Learning from the Trailblazers

“Quality all comes down to one thing: vineyard practices,” according to Frank Morgan, moderator for the U.S. Wine & Beverage Industry Expo (USBevX) session entitled Pioneering the Commitment to Quality: A Roundtable Discussion with Winemaking Trailblazers. “This is the one factor that the pioneers in the Mid-West and East Coast winemaking industry have as the feature uniting them together. Often overlooked is the growing aspect,” says Morgan. “With regards to The Quality Revolution, the theme of USBevX 2017, there is so much emphasis on wine quality, but not much discussion on what went into that behind the scenes.” Morgan, the associate editor of Virginia Wine Lover magazine, the only print publication dedicated to that state’s wine industry, is a well-known wine news writer and blogger, writing frequently on Virginia’s pioneering winemakers.

Morgan says that a primary goal for this session is to shine a spotlight on the folks that have had both a commitment to farming from day one, and have employed conscientious vineyard practices, all geared toward making the highest quality of wine possible from their terroir. As far as the winemaking area he knows the best, Morgan says, “In Virginia, the last 3-4 years have been a real watershed in terms of recognition of quality. In the larger wine world, Virginia wine is now being recognized as a fine wine and an ultra-premium wine producing region.”

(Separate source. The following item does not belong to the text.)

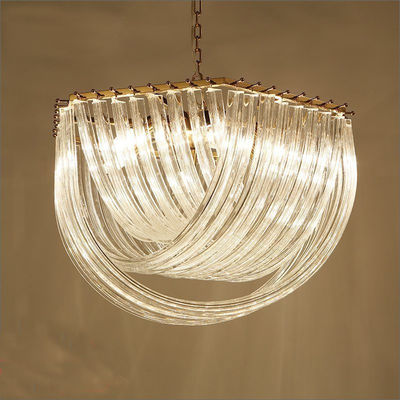 La lumière pendante en cristal de lustres de tube en verre allume la couleur moderne d'or de décoration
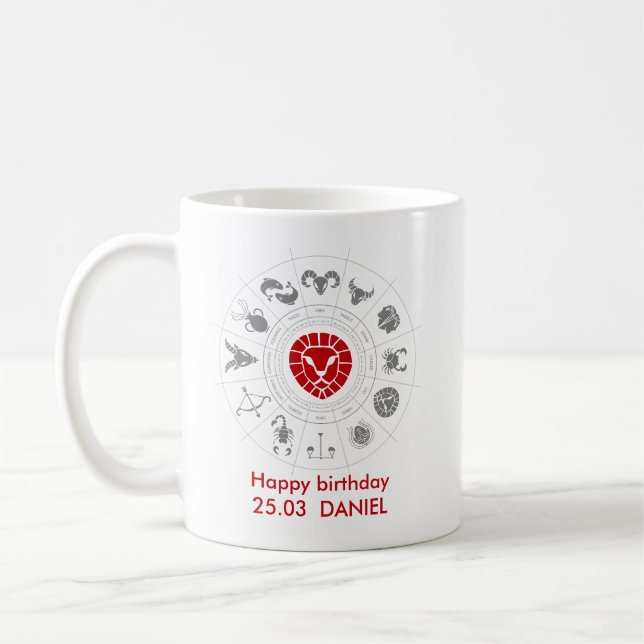 Taza De Café Regalo de cumpleaños de Leo Zodiac personalizado (Izquierda)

The panelists are an array of those who have had the vision to create world-class wines from the get-go. Sometimes that has meant experimenting to find the farming practices that work best in a particular region. Sometimes it’s finding the grape varietal best suited. But throughout, it’s working to make the end-product a fine wine. “I don’t personally know Rich Olsen-Harbich, but like Jim Law (of Linden Vineyards), he is focused on farming and on the growing side,” says Morgan. Josh Grainer, who runs vineyard operations for RdV Vineyards, worked for Jim Law at the start of his career and now is a champion of sustainable vineyard practices. “Luca [Paschina] is someone who has been around for 25 years, and so much of Luca’s personality is in every bottle,” says Morgan. “The knowledge transfer from people like Jim Law expands over time. Jim or Luca or Joshua can’t move the industry on their own, and they are not going to move people who are not interested in moving. Jim has shared so much knowledge in this industry. A conference like this can help disseminate information.”

Grapes tended with an eye towards world-quality wines are garnering attention for the area. A 2011 article by Dave McIntyre in the Washington Post, which reviewed the (at the time) new RdV Vineyard’s Bordeaux-style wine, perhaps summed up the trending upswing in quality for the entire region. When compared against a Parker-rated 94 point French and a 98 point Napa wine, McIntyre said simply, “It’s really good.”

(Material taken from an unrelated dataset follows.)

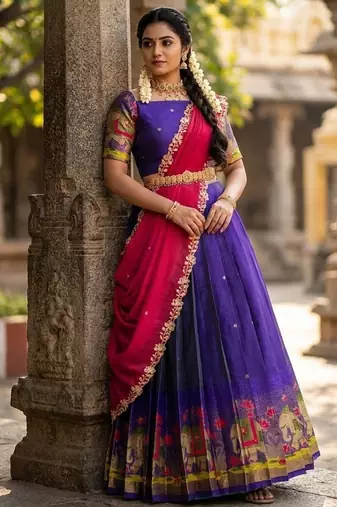 South Indian Style Half Saree with Blouse and Dupatta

Asked about wines built for the sightseers, Morgan notes, “If they are established for a tourist industry, there are many people who believe that you can’t make good wine. Look at Williamsburg Winery, they have an 18-room country inn, two restaurants… and the wines from their estate grapes are exceptional.” He notes, “You can be whatever you want to be. There will be guys making blueberry wine and happy with that.” Getting over the challenge of the world perception of East Cost wines being “sweet” may continue to present a marketing challenge. “Some vineyards make sweet wines, then they use that money to fund their higher quality wines,” says Morgan. Overall, he thinks, “People that make wine want to make a quality product… our mission is to raise awareness on how to accomplish that.”

For this session at USBevX 2017, Morgan states, “The ultimate end goal is to hear about the experiences and opinions of these four individuals. What quality means to them, and how to get there. I hope we can identify commonalities amongst the four. These people mean it [quality grape growing] and practice it. Let’s define it, and identify commonalities… and share that with the audience.”